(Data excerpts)
---*---
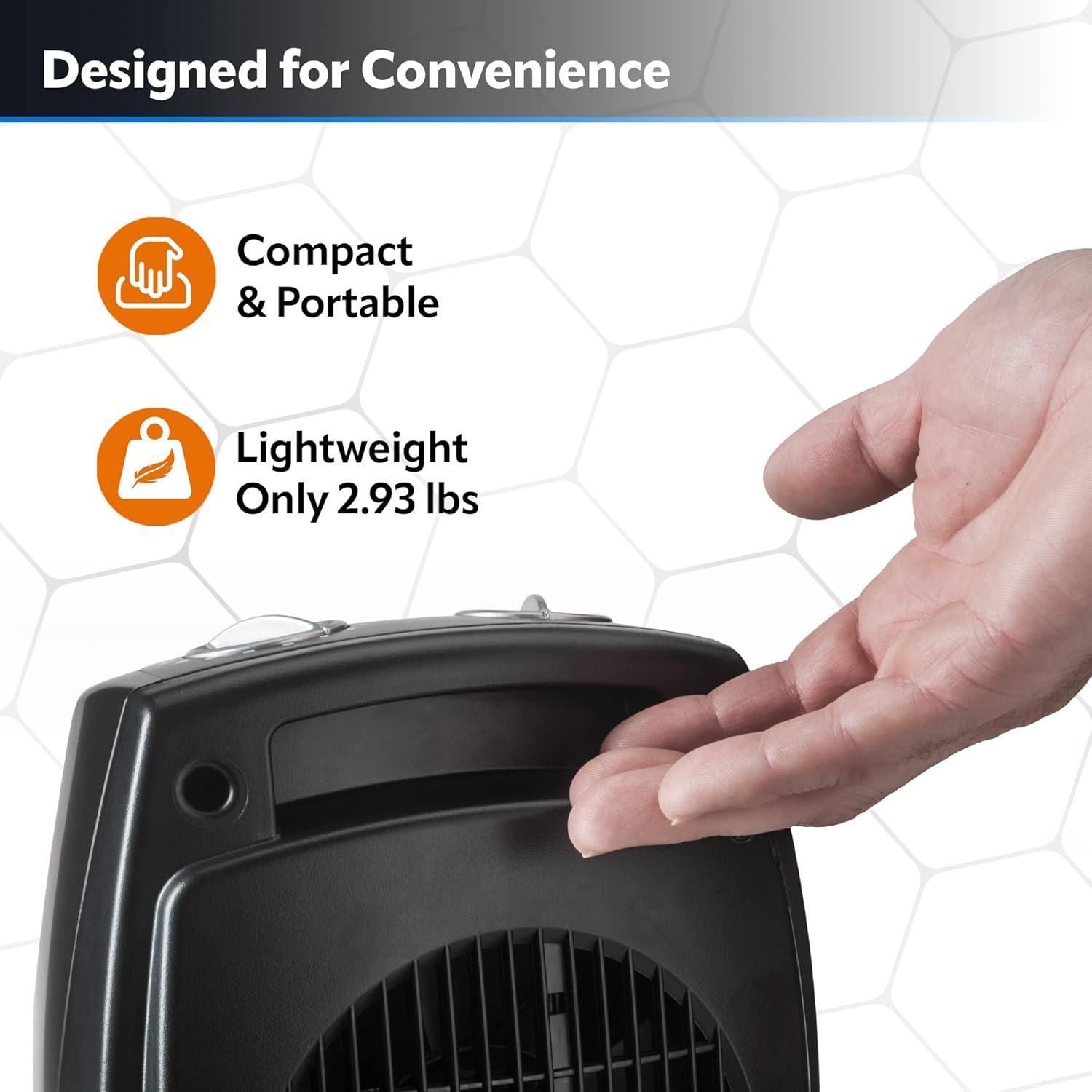 image:imageLasko CD09250 Ceramic Adjustable Thermostat Tabletop or UnderDesk Heater 9 Inches High Black9 Inches High
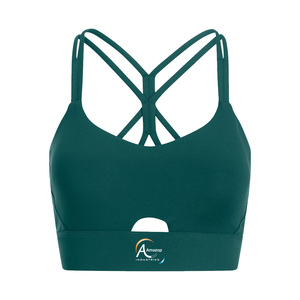 Premium Yoga Fitness Sports Bra Women Recycled Polyester Soft Stretch Breathable Activewear Bra Custom OEM Bulk - Product Image 1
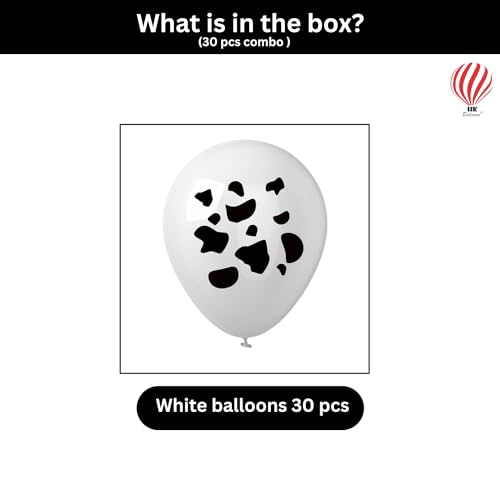 Image of HK balloons 30Pcs Cow Print Balloon Birthday Decorations - Funny Cow-Themed Party Supplies Latex Balloon in Black and White for Western Cowboy Theme for Kids Birthday Party Supplies Decorations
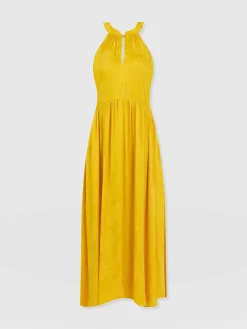 Dresses|Saint and Sofia Zoey Halter Neck Dress - Yellow Jacquard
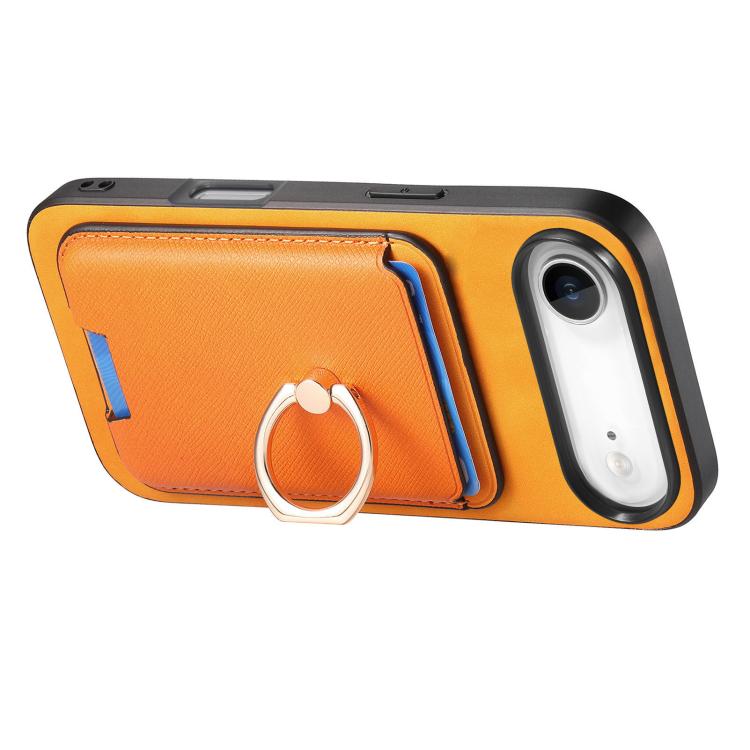 For iPhone Air Retro Cross Leather Card Bag MagSafe Phone Case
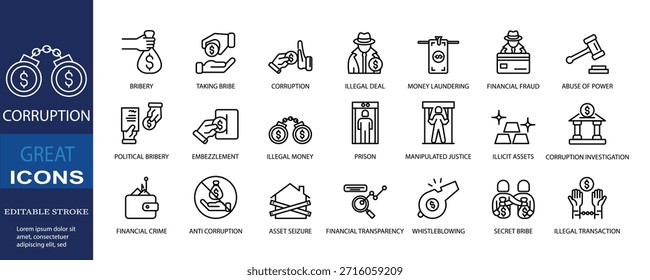 Conjunto de ícones para corrupção. Traçado editável. Ilustração vetorial
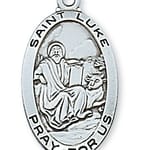 Sterling Silver St. Luke Medal with 24 inch chain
---*---
Please reproduce the lines exactly from the one containing "Premium Yoga Fitness" through the last line of the data above, and keep the pictures out.

— TASK ANSWER —
 Premium Yoga Fitness Sports Bra Women Recycled Polyester Soft Stretch Breathable Activewear Bra Custom OEM Bulk - Product Image 1
 Image of HK balloons 30Pcs Cow Print Balloon Birthday Decorations - Funny Cow-Themed Party Supplies Latex Balloon in Black and White for Western Cowboy Theme for Kids Birthday Party Supplies Decorations
 Dresses|Saint and Sofia Zoey Halter Neck Dress - Yellow Jacquard
 For iPhone Air Retro Cross Leather Card Bag MagSafe Phone Case
 Conjunto de ícones para corrupção. Traçado editável. Ilustração vetorial
 Sterling Silver St. Luke Medal with 24 inch chain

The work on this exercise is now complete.